[ANN] FeatureRanking: learn which variables contribute the most to the estimation of black box models

I am pleased to announce the availability of FeatureRanker, a simple yet flexible feature ranking estimator where different metrics can be used to estimate the importance of individual variables.

Key features:

  • Choose between loss-based or variance-based (Sobol indices) metrics
  • Choose between permute and relearn or permute only strategies, or exploit the ability of some models (typically tree-based) to “ignore” variables at prediction time.
  • Choose whether to generate the rank in a single stage (a single loop) or recursively, where at each stage the less important variable is “removed”.
  • Choose the number of splits and possibly the number of iterations of the splits in the cross-validation used internally to produce the rank
  • Works with any estimator model (not just from the BetaML suit) that can be wrapped in a BetaML-like API (m=ModelName(hyperparameters...); fit_function(m,x,y); predict_function(m,x) where fit_function and predict_function can be specified in the FeatureRanker options).

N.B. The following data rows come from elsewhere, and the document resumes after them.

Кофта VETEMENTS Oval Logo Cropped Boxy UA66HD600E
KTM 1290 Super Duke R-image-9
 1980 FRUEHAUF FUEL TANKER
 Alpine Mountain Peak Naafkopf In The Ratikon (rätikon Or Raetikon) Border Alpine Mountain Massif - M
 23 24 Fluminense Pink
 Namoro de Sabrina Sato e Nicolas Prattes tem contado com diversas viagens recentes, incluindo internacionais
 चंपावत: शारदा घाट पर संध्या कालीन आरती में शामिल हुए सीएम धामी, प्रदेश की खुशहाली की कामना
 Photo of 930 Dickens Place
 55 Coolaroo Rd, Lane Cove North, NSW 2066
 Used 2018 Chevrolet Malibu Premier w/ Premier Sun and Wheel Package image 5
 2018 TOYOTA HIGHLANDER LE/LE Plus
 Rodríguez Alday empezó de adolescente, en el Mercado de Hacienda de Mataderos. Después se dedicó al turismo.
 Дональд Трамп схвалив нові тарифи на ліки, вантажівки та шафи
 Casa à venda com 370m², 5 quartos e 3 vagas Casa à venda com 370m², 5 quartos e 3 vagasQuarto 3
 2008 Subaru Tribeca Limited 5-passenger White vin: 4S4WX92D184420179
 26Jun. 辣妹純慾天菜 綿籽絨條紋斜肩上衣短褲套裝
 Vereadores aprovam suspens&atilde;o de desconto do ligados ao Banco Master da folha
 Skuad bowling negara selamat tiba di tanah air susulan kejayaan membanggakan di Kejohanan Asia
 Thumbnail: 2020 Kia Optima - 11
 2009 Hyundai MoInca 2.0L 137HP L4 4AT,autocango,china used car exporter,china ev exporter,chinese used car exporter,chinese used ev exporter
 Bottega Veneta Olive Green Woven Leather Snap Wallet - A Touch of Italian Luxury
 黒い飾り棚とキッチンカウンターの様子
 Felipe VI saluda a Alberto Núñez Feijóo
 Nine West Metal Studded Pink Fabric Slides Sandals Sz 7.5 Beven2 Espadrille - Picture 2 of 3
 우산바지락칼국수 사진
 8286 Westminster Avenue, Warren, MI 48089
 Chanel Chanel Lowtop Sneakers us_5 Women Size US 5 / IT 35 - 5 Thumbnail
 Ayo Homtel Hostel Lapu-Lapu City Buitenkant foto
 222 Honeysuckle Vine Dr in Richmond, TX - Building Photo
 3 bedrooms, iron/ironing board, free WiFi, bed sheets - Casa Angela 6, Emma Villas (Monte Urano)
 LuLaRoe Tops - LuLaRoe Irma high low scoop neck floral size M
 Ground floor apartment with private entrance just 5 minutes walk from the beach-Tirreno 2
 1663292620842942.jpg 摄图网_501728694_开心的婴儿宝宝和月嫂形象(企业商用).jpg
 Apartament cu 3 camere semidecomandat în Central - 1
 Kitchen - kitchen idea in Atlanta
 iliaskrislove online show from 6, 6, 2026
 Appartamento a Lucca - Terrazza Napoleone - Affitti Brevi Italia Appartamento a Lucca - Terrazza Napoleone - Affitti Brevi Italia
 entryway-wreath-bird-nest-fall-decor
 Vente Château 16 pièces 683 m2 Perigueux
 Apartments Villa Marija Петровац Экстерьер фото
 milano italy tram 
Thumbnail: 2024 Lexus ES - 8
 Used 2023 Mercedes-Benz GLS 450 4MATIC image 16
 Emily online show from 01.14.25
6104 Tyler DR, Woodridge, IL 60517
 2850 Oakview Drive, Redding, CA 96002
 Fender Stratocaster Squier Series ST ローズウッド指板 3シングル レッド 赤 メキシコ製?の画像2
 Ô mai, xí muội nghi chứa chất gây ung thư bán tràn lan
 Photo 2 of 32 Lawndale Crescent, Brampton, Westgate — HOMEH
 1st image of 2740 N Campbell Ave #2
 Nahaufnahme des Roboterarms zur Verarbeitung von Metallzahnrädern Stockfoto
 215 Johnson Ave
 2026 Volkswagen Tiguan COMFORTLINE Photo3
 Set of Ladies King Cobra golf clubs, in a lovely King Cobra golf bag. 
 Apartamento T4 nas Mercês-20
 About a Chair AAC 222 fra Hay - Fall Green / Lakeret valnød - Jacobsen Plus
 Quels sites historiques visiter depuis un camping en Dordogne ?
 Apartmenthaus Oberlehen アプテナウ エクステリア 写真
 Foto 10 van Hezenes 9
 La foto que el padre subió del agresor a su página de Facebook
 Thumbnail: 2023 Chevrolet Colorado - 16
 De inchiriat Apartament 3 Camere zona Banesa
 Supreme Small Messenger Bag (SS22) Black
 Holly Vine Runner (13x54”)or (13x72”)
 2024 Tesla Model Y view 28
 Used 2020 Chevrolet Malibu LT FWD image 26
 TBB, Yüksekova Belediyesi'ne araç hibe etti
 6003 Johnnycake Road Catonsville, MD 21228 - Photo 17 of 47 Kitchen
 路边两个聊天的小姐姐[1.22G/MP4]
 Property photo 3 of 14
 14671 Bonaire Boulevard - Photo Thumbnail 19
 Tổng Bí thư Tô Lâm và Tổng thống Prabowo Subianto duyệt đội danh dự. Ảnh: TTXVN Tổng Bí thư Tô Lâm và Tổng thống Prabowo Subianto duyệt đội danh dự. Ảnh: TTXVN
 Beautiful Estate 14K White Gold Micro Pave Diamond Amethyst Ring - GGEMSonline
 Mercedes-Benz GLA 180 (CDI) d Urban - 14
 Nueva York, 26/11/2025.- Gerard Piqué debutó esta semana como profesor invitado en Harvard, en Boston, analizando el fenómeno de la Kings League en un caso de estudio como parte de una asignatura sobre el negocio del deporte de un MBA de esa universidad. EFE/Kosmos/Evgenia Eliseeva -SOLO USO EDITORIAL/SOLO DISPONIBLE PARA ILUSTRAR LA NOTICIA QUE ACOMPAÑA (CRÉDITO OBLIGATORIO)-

In the following example, we estimate the importance of different variables in predicting house prices using the Boston dataset:

# Loading packages...
using Random, Pipe, HTTP, CSV, DataFrames, Plots, BetaML
import Distributions: Normal, quantile

# We download the Boston house prices dataset from interet and split it into x and y
dataURL = "https://archive.ics.uci.edu/ml/machine-learning-databases/housing/housing.data"
data    = @pipe HTTP.get(dataURL).body |> CSV.File(_, delim=' ', header=false, ignorerepeated=true) |> DataFrame

var_names = [
  "CRIM",    # per capita crime rate by town
  "ZN",      # proportion of residential land zoned for lots over 25,000 sq.ft.
  "INDUS",   # proportion of non-retail business acres per town
  "CHAS",    # Charles River dummy variable (= 1 if tract bounds river; 0 otherwise)
  "NOX",     # nitric oxides concentration (parts per 10 million)
  "RM",      # average number of rooms per dwelling
  "AGE",     # proportion of owner-occupied units built prior to 1940
  "DIS",     # weighted distances to five Boston employment centres
  "RAD",     # index of accessibility to radial highways
  "TAX",     # full-value property-tax rate per $10,000
  "PTRATIO", # pupil-teacher ratio by town
  "B",       # 1000(Bk - 0.63)^2 where Bk is the proportion of blacks by town
  "LSTAT",   # % lower status of the population
y_name = "MEDV" # Median value of owner-occupied homes in $1000's

# Our features are a set of 13 explanatory variables, while the label that we want to estimate is the average housing prices:
x = Matrix(data[:,1:13])
y = data[:,14]

# We use a Random Forest model as regressor and we compute the variable importance for this model :
fr = FeatureRanker(model=RandomForestEstimator(),nsplits=3,nrepeats=2,recursive=false, ignore_dims_keyword="ignore_dims")
rank = fit!(fr,x,y)

loss_by_col        = info(fr)["loss_by_col"]
sobol_by_col       = info(fr)["sobol_by_col"]
loss_by_col_sd     = info(fr)["loss_by_col_sd"]
sobol_by_col_sd    = info(fr)["sobol_by_col_sd"]
loss_fullmodel     = info(fr)["loss_all_cols"]
loss_fullmodel_sd  = info(fr)["loss_all_cols_sd"]
ntrials_per_metric = info(fr)["ntrials_per_metric"]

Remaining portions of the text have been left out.